Ever since this case made national headlines bringing the police department under scrutiny, they seem to be desperate for someone else to come forward with a similar complaint or report about the resident. On local television, Fairfax police spokeswoman, Mary Ann Jennings, said this:
“We’ve heard that there may have been other people that saw something on Monday morning and we’d like to hear from them.”
Conveniently, the police spokeswoman did not elaborate on how the police heard of these “other” people — if it can be believed that they even exist at all.
Obviously questioning the strength of their own case, especially after one legal expert after another have stated this will be a tough case to win, the police have now gone door-to-door in the neighborhood asking nearby residents if they have ever seen the gentleman in question running around inside of his home naked and circulating fliers asking anyone with any such information to come forward. I guess the theory is, if you ask long and hard enough (pun intended), someone will eventually come forward and help shore up an otherwise weak case by trying to establish a pattern of indecency. Of course, this is in lieu of just dismissing the case and chalking it up to a rush to judgment. Instead, it appears as though the police will keep advertising until some media whore plays to their cue. It’s too bad for the police and prosecutors that the Balloon Boy’s parents are already occupied, because they would of made for the perfect witnesses for them. As it stands now, whoever ends up taking the cue, you can bet they will just as bad.
This entire incident wreaks of the police trying to protect one of their own and an overzealous prosecutor desirous of spending huge amounts of local tax payer dollars on a case that has already attracted the attention of the ACLU. We have all seen this kind of case spiral out of control by police and prosecutors not wanting to appear wrong or weak and thus feel a need to horse whip the case until their careers are all but unsalvageable. Mike Nifong, the former District Attorney of Raleigh, North Carolina, who was in charge of the failed rape prosecution of three Duke University lacrosse players was ultimately disbarred for his similar effort. Now that this case is in the national spotlight, the witness, the police and the prosecutor are all shackled together and caught in a bear trap for which there seems but one escape — an outright dismissal of the charges.
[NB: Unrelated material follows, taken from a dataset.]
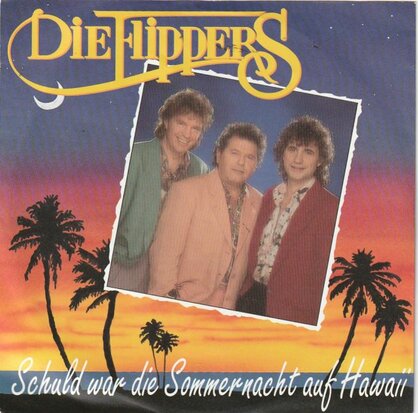 Flippers - Schuld war die sommernacht auf hawaii + Wenn dein herz friert (Vinylsingle)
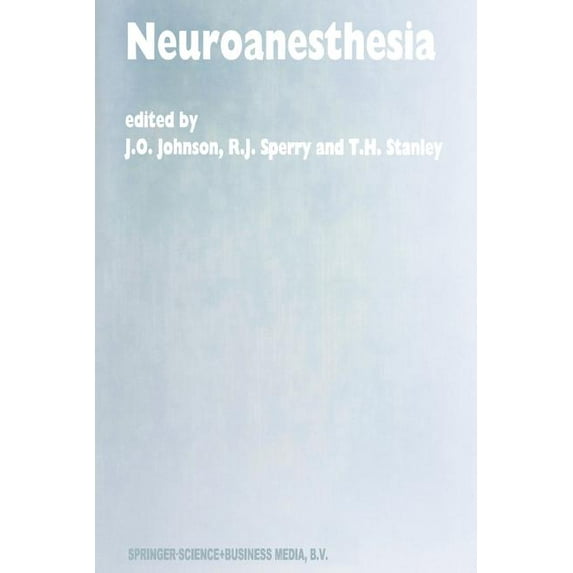 Developments in Critical Care Medicine a Neuroanesthesia: Papers Presented at the 42nd Annual Postgraduate Course in Anesthesiology, February 1997, Book 32, (Paperback)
Will they cut their losses, trying to save face by claiming a lack of evidence, and dismiss the case in an attempt to get it behind them? Or, will they continue to whip the horse and move forward with an aggressive prosecution? Only time will tell.
For the record:
The Fairfax police might sound familiar. It was just this past February that a scandal broke out in the department when a 23-year veteran and lieutenant of the department, who was on a testing committee, was accused of giving out the answers in advance to officers preparing to take the sargent’s exam, which, if passed, would increase their pay considerably. The lieutenant, a police supervisor and two sargents got caught up in the scandal. It is unknown how long it had been going on.
UPDATE: In December 2009, this case went to trial. Mr. Williamson argued that he should be free to be naked inside of his home. But the judge disagreed and sided with prosecutors who argued that his actions showed he intended to make himself visible to those outside.
Mr. Williamson received only a suspended jail sentence and no fine, but says he still fully intends to appeal.